This tutorial shows how to (i) define priors in a PEtabODEProblem, and (ii) run Bayesian inference with AdaptiveMCMC.jl and AdvancedHMC.jl. Note that this functionality is planned to move into a separate package, and the API will change in the future.
Note
To use Bayesian inference functionality, load Bijectors.jl, LogDensityProblems.jl, and LogDensityProblemsAD.jl.
Creating a Bayesian inference problem
For PEtab problems in the PEtab standard format, priors are defined in the parameter table. Here, we instead consider a model defined directly in Julia: a simple saturated growth model. First, let’s define the model and simulate data:
using DataFrames, Distributions, OrdinaryDiffEqRosenbrock,
ModelingToolkit, PEtab, Plots
using ModelingToolkit: t_nounits as t, D_nounits as D
@mtkmodel SYS begin
@parameters begin
b1
b2
end
@variables begin
x(t) = 0.0
# observables
obs_x(t)
end
@equations begin
D(x) ~ b2 * (b1 - x)
# observables
obs_x ~ x
end
end
@mtkbuild sys = SYS()
# Simulate data with Normal measurement noise (σ = 0.03)
oprob = ODEProblem(sys, [0.0], (0.0, 2.5), [1.0, 0.2])
tsave = range(0.0, 2.5, 101)
sol = solve(oprob, Rodas5P(); abstol=1e-12, reltol=1e-12, saveat=tsave)
obs = sol[:x] .+ rand(Normal(0.0, 0.03), length(tsave))
measurements = DataFrame(obs_id="obs_x", time=sol.t, measurement=obs)
# Observable
@parameters sigma
observables = PEtabObservable(:obs_x, :obs_x, sigma)
# Plot the data
plot(measurements.time, measurements.measurement; seriestype=:scatter,
title="Observed data")
Priors are assigned via PEtabParameter using any continuous distribution from Distributions.jl. For example:
pest = [
PEtabParameter(:b1, value=1.0, scale=:lin, prior=Uniform(0.0, 5.0)),
PEtabParameter(:b2, value=0.2, prior=LogNormal(1.0, 1.0)),
PEtabParameter(:sigma, value=0.03, scale=:lin, prior=Gamma(1.0, 1.0))
]3-element Vector{PEtabParameter}:
PEtabParameter b1: estimate (scale = lin, prior(b1) = Uniform(a=0.0, b=5.0))
PEtabParameter b2: estimate (scale = log10, prior(b2) = LogNormal(μ=1.0, σ=1.0))
PEtabParameter sigma: estimate (scale = lin, prior(sigma) = Gamma(α=1.0, θ=1.0))Priors are evaluated on the parameter’s linear (non-transformed) scale.
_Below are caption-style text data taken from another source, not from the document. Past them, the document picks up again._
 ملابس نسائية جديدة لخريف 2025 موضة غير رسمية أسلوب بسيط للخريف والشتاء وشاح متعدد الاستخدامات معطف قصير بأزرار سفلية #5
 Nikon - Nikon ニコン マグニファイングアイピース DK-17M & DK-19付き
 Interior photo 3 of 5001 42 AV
For example, while b2 above is estimated on the log10 scale, the prior applies to b1 (not log10(b1)). If no prior is provided, the default is a Uniform over the parameter bounds. Finally, build the problem as usual:
model = PEtabModel(sys, observables, measurements, pest)
petab_prob = PEtabODEProblem(model)PEtabODEProblem ODESystemModel: 3 parameters to estimate
(for more statistics, call `describe(petab_prob)`)Bayesian inference (general setup)
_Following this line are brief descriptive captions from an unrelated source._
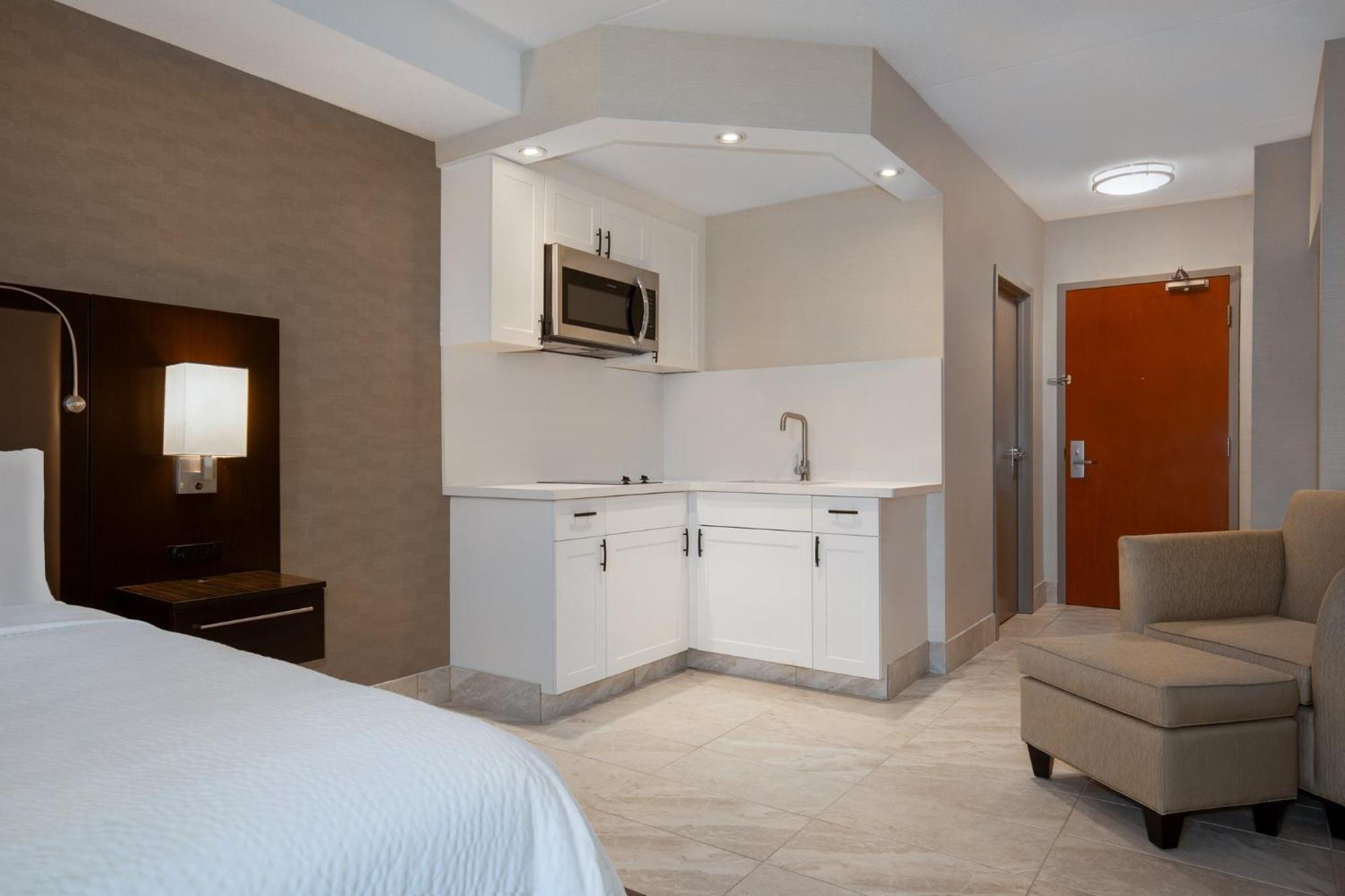 Holiday Inn Express Hotel & Suites Barrie By Ihg Экстерьер фото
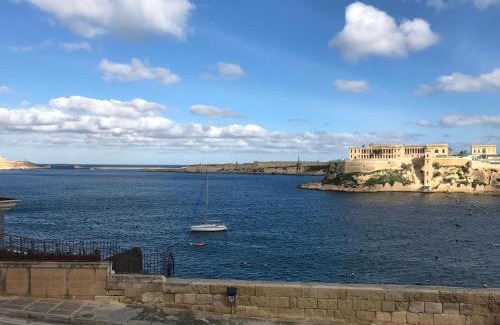 Birgu Apartment | Grand Harbour View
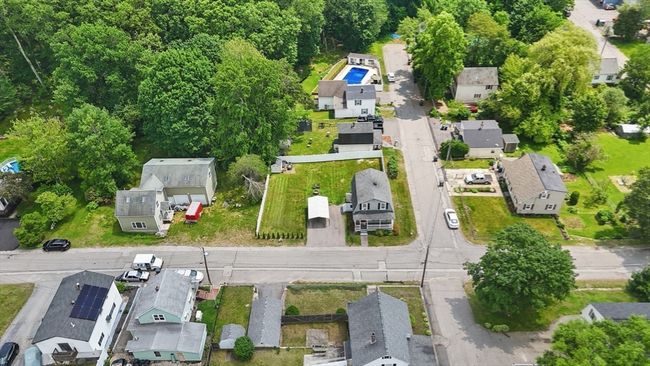 39 Doyle Ave, House other with 2 bedrooms, 2 bathrooms and 4 parking in Dracut MA | Image 22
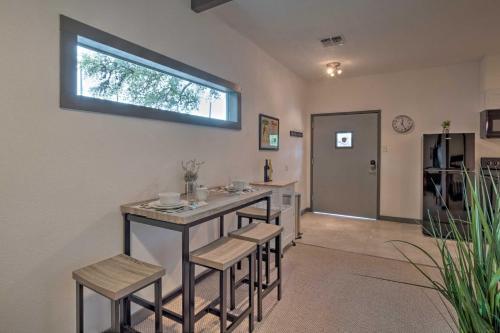 Cozy Modern Apartment - Steps To Dtwn Bus!
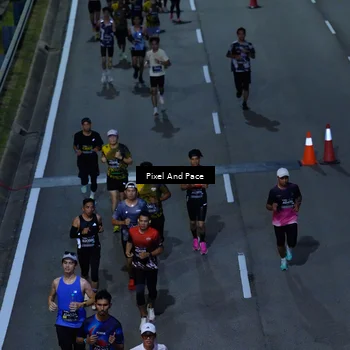Runner Photo 6600177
To run Bayesian inference, first construct a PEtabLogDensity. This object implements the LogDensityProblems.jl interface and can be used as the target density for MCMC:
using Bijectors, LogDensityProblems, LogDensityProblemsAD
target = PEtabLogDensity(petab_prob)PEtabLogDensity with 3 parameters to inferODE-solver and derivative settings are taken from petab_prob (here, the default gradient method :ForwardDiff and the Rodas5P solver).
A key choice is the starting point. For simplicity, we start from the nominal parameter vector, but in practice inference should be run with multiple chains and dispersed starting points [18]:
x = get_x(petab_prob)It is important to note inference in PEtab.jl is performed on an linear parameter scale. Therefore, to run inference parameter on transformed scale (e.g. scale = :log10) must first mapped back to the linear (prior) scale. Moreover, since many samplers operate in an unconstrained space, bounded priors (e.g. Uniform(0.0, 5.0)) parameters need to be are transformed to x, inference uses the composition x -> xprior -> xinference:
xprior = to_prior_scale(petab_prob.xnominal_transformed, target)
xinference = target.inference_info.bijectors(xprior)3-element Vector{Float64}:
-1.3862943611198906
-1.6094379124341003
-3.506557897319982Warning
The initial value passed to the sampler must be on the inference scale (xinference).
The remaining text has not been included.